Nil Yalter, 1980, Bidonville Istanbul, photographie argentique d’époque, texte manuscrit à la mine de plomb, collages, objets ©Betrand Michau, courtesy Galerie Berthet Aittouarès
Les thèmes de l’immigration et du déracinement ont toujours été présents, depuis lors, dans votre œuvre…
Je suis une citoyenne du monde. J’ai été interdite de séjour en Turquie pendant treize ans, de 1980, date du coup d’Etat militaire, à 1993. Je ne me sens, aujourd’hui, ni vraiment turque, ni française.
Comment êtes-vous parvenue à vous faire accepter par les travailleurs immigrés que vous montrez dans vos dessins, photographies argentiques et autres Polaroids ? À établir un climat de confiance avec eux, pour rendre compte de leurs conditions de vie ?
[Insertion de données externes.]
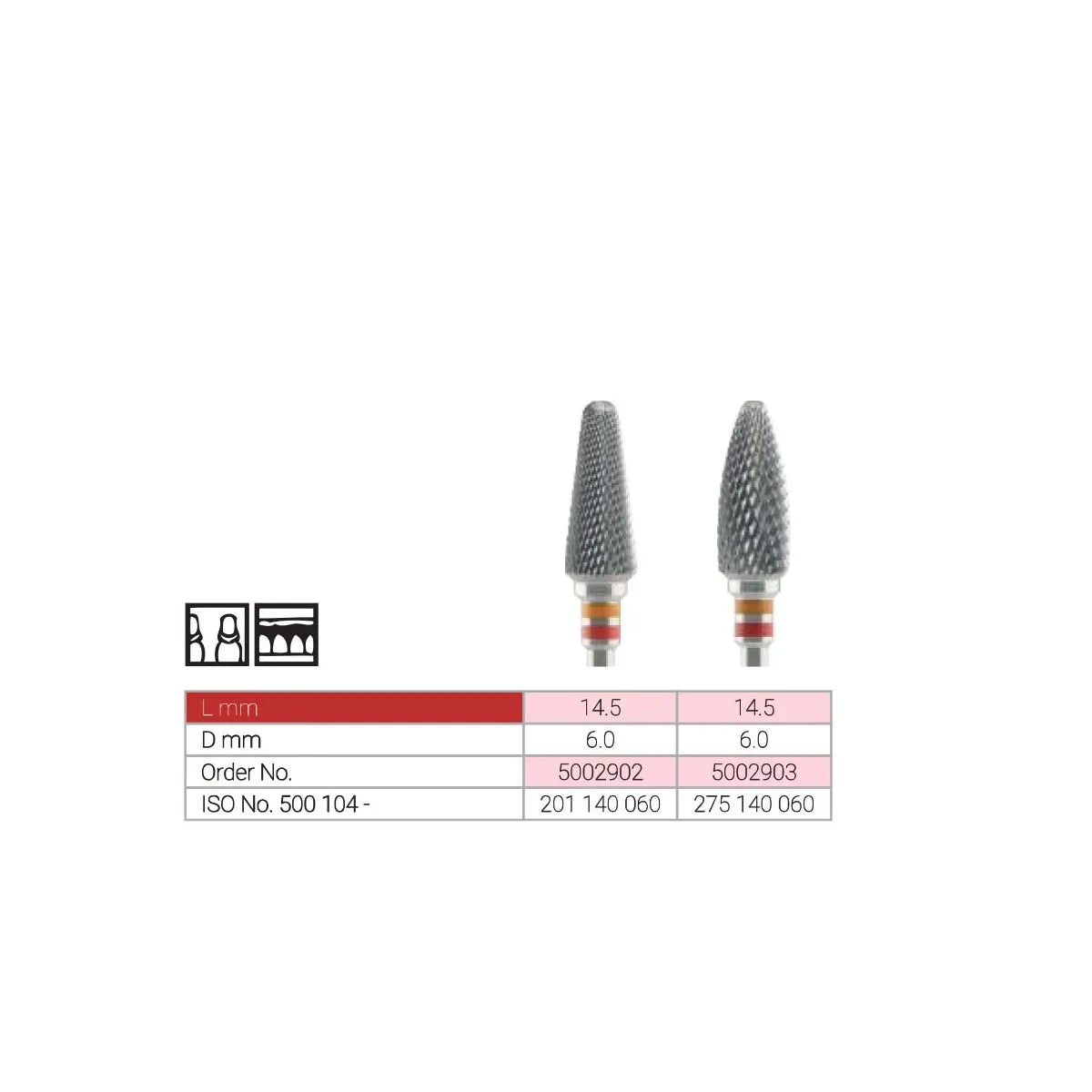 Labodent Tungsten Carbide HP Burs For Acrylic Resins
J’ai toujours travaillé avec des municipalités, avec celles de Corbeil-Essonnes, de Grigny et de Ris-Orangis notamment, avec des travailleurs sociaux et avec des sociologues, avec des gens qui prenaient en charge ces immigrés. Avant de les photographier ou de les filmer, il fallait les convaincre de l’intérêt du travail que j’allais faire.
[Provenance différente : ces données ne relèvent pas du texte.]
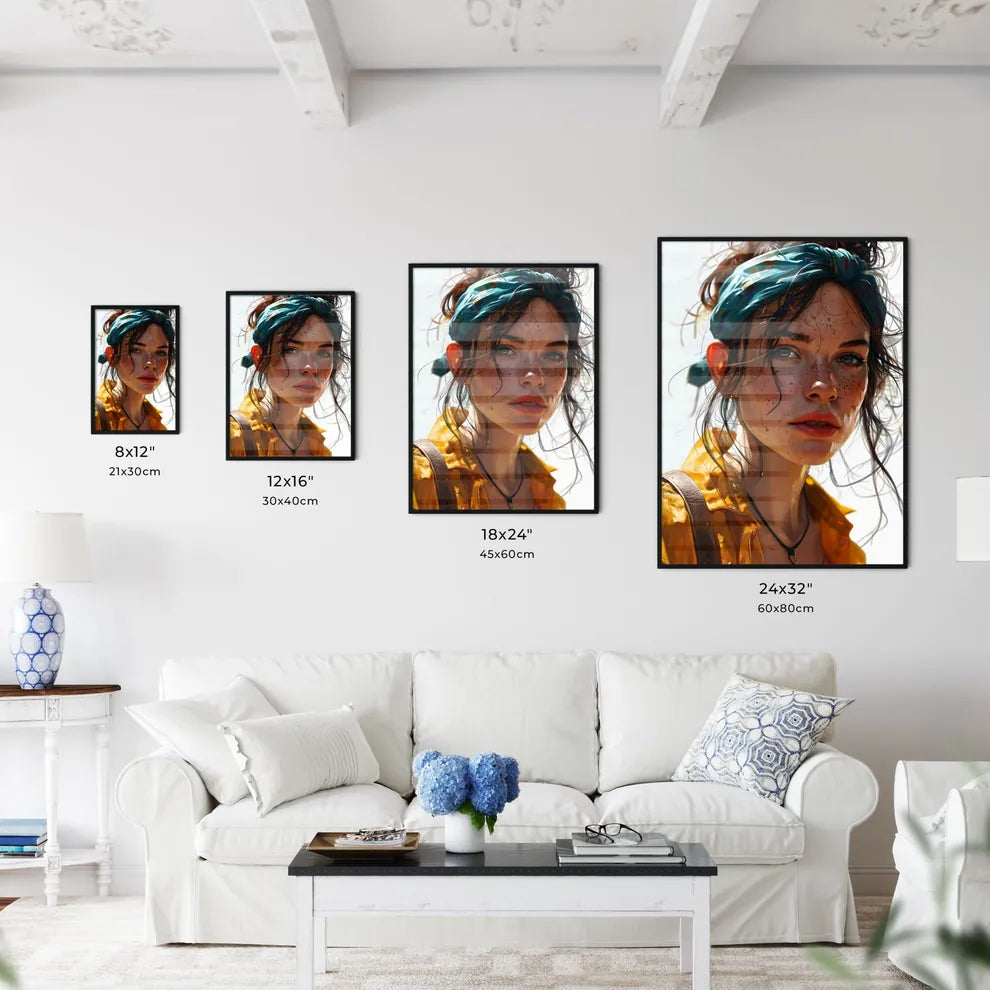 A Poster of light skin features - A Woman Wi - Kitchen Hangings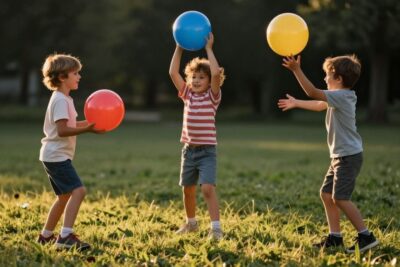 Seleção de brinquedos ao ar livre para crianças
Votre travail semble s’apparenter à celui d’un reporter…
Non. Je refuse ce terme. Ce n’est pas du reportage. C’est un travail d’archivage et de documentaire fait par une artiste.
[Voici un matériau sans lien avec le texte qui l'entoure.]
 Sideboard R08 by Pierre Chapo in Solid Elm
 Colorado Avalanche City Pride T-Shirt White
Nil Yalter, The Headless Woman, 1974, vidéo en noir et blanc ©Nil Yalter, avec l’aimable autorisation de la galerie Berthet Aittouarès
Vous êtes connue et célébrée également pour vos vidéos. De laquelle êtes-vous la plus fière ?
De La Femme sans tête ou la Danse du ventre, une vidéo-performance de 24 minutes que j’ai réalisée, en une seule séquence, en 1974, en inscrivant sur mon ventre un texte de René Nelli extrait d’Érotique et civilisation, tout en me balançant au rythme d’une musique orientale. C’était une façon, pour moi, de revendiquer la réappropriation de ce corps dont les femmes ont été dessaisies. Le texte de René Nelli condamnait l’excision et célébrait la jouissance clitoridienne. En 1974, c’était un tabou de parler de clitoris. Les hommes étaient choqués. En fait, c’est toujours un tabou aujourd’hui.
C’est une vidéo que j’ai faite grâce à Dany Bloch, qui était en charge de la section vidéo de l’Arc-Musée d’art moderne de la ville de Paris. Elle a été montrée lors de la première manifestation dédiée à l’art vidéo en France, « Art vidéo : confrontation 74 » qui s’est tenue à l’Arc. Mes œuvres ont toujours été faites avec des bouts de ficelles. J’ai toujours tout fait moi-même. Je suis même arrivée, au début des années 2000, à me filmer moi-même dans des vidéos comme Lapidation. Mon engagement se traduisait aussi par des actions. Nous avions fondé, dans les années 1970, avec Mathilde et Esther Ferrer notamment, un groupe qui s’appelait « Les femmes en lutte ». Nous nous réunissons tous les quinze jours, en présence d’écrivaines, de peintres, d’intellectuelles, pour discuter de la situation de la femme artiste dans le milieu de l’art.
Continuez -vous de travailler aujourd’hui ?
Aujourd’hui, je travaille beaucoup sur ordinateur. Je ne peins plus et ne dessine plus depuis cinq ans. Je vis une période difficile en ce moment. J’ai perdu, il y a un an, mon compagnon, l’homme avec lequel je vivais depuis 45 ans.